Les autorités accusent les partisans du JAAC d’avoir attaqué la police avec des armes à feu et des cocktails Molotov lors des affrontements de dimanche. Les autorités ont également affirmé que les manifestants avaient endommagé des biens publics et perturbé les services dans un hôpital militaire.

Le commissaire de Poonch, Sardar Waheed Khan, a rejeté les allégations selon lesquelles les forces de sécurité auraient délibérément ciblé les manifestants.

« L’action de l’État visait à rétablir l’ordre public », a-t-il déclaré.

Le leader du JAAC, Shaukat Nawaz Mir, a présenté un récit très différent, accusant les autorités d’avoir perpétré un « massacre » contre les manifestants.

« L’État a commencé un massacre de notre peuple à Rawalakot », a déclaré Mir dans une déclaration vidéo.

Le gouvernement régional a interdit la JAAC la semaine dernière, accusant l’organisation d’activités menaçant l’ordre public et la sécurité. Le groupe nie ces allégations et affirme faire campagne pacifiquement pour des réformes politiques et économiques.

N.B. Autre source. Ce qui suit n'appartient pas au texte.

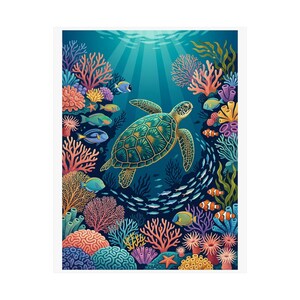 Tropical Sea Turtle Coral Reef - Poster Bild 2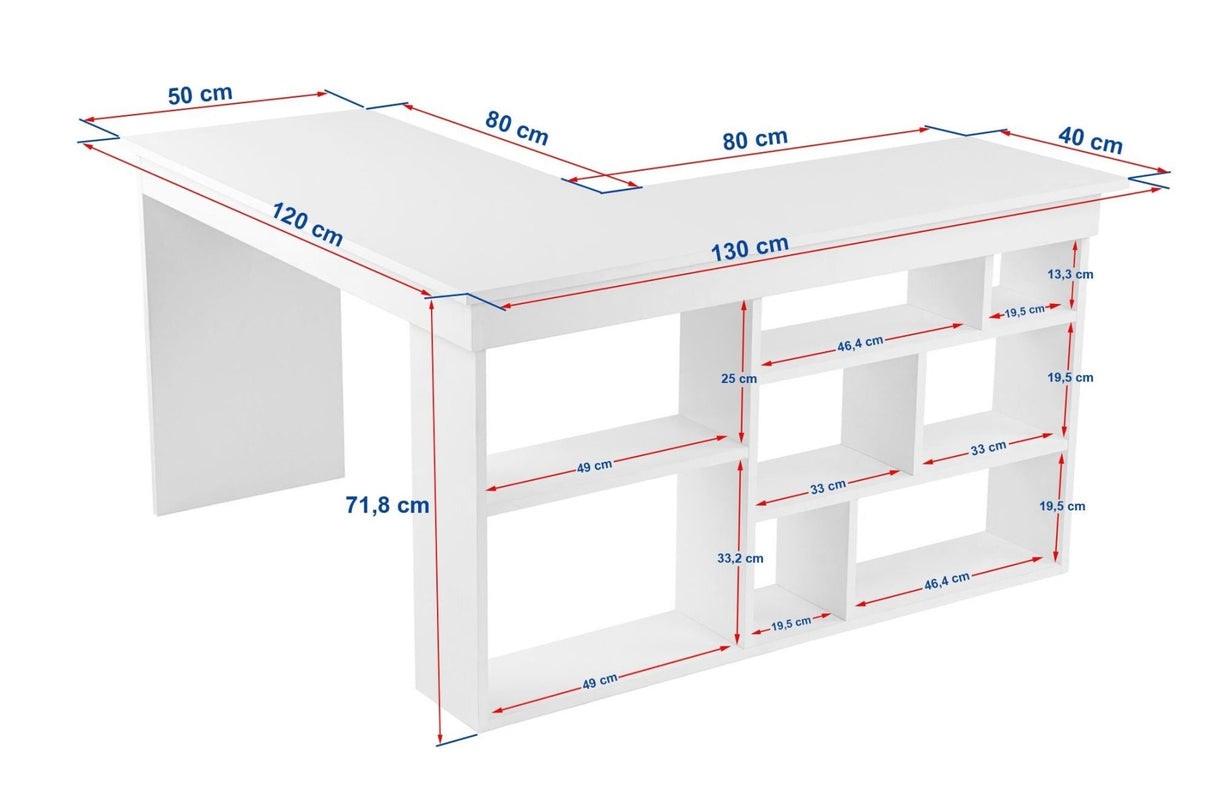 Vesper Study Desk 130x120 cm with pinewood White Atlantic Pine Melamine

Les troubles actuels reflètent des frustrations plus larges qui se sont accumulées dans l’Azad Cachemire depuis plusieurs années. Le JAAC est apparu pour la première fois comme un mouvement de protestation majeur en 2023, mobilisant les habitants contre la hausse des coûts de l’électricité, la pénurie de blé subventionné et les allégations de corruption du gouvernement.

En 2025, le groupe a publié une charte de revendications en 38 points appelant à des mesures d’aide économique, à des réformes de la protection sociale, à la responsabilisation des agents publics et à une plus grande représentation politique des résidents locaux.

Les analystes affirment que la dernière crise met en lumière un débat plus profond sur la gouvernance et l’autonomie dans l’Azad Cachemire, où les institutions locales fonctionnent selon un système semi-autonome mais où des domaines clés tels que la défense et les affaires étrangères restent sous le contrôle d’Islamabad.

La région devrait organiser des élections législatives le 27 juillet. Alors que les tensions continuent de monter, les autorités ont déployé des forces de sécurité supplémentaires et imposé des restrictions de mouvement dans plusieurs zones en prévision de nouvelles manifestations prévues.